The following sections explain approaches to optimize visibility queries through spatial hierarchies, on
how to improve performance by batching geometry and how to triangulate mapping primitives in a
hardware suitable representation.
2.1. Spatial Hierarchies for Efficient Culling
In most cases the best rendering optimisation is to not render something at all, at least if it is not
visible. This can be achieved by culling objects which are outside of the view frustum (visible volume
enclosed by the screen) or covered by other objects. Simply checking each object against the view
frustum is not a good approach though, as the computational complexity increases linearly with the
number of objects. Instead a 2D version of a binary tree search can be applied, commonly known as
quadtree.
A quadtree builds a spatial hierarchy on top of a dataset which speeds up certain operations like
spatial queries. Each node in the quadtree contains either references to geometry or references to
child nodes. If it does not reference any child nodes it is considered to be a leaf node.

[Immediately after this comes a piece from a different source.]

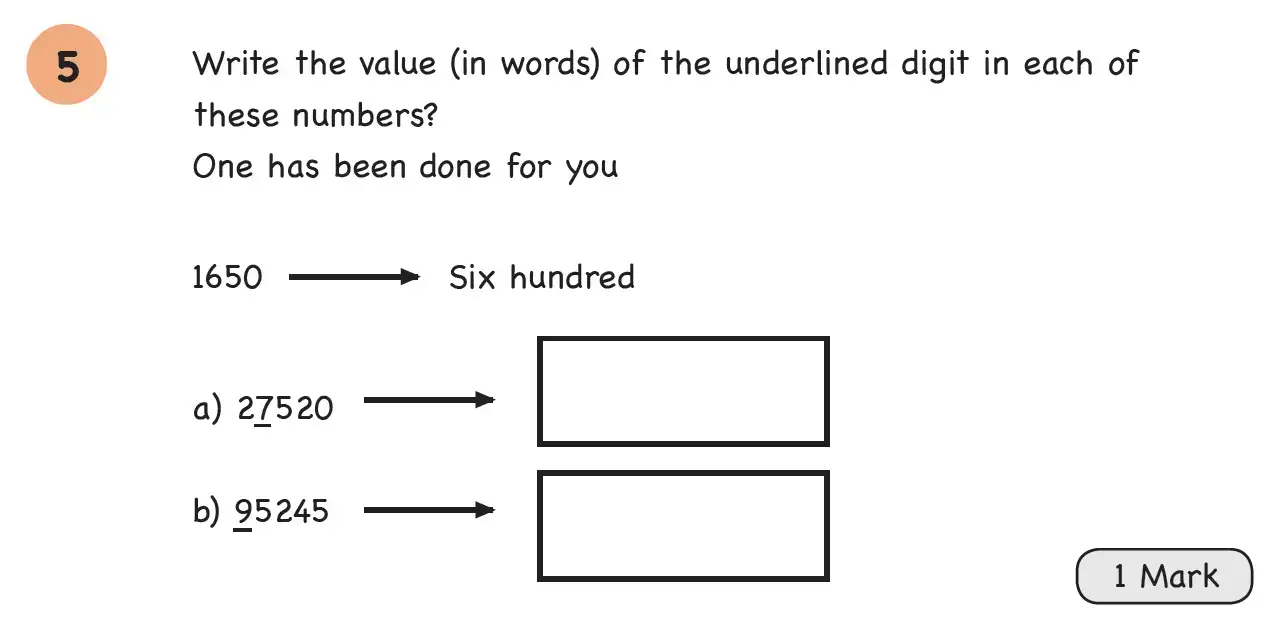 Question 5 - Year 4 – Number and Place Value – Assessment 1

A typical spatial search sequence then looks like that:
• Beginning at the root of the tree each child is consecutively checked if its bounding rectangle
intersects the view frustum.
• If a child is not contained all its children are culled at once, vastly pruning the search domain.
• If a child is not a leaf node, repeat the intersection test for each child.
• All intersected leaf nodes can be considered visible and the contained objects rendered.
Basically a quadtree is built recursively, starting with the whole dataset and a bounding box enclosing
it. The bounding box is then subdivided into four bounding boxes, the children, and each object is
assigned to the bounding box it is contained in. This process is repeated until a certain criterion is
met, like a maximum number of recursions or a minimum number of objects left per bounding box.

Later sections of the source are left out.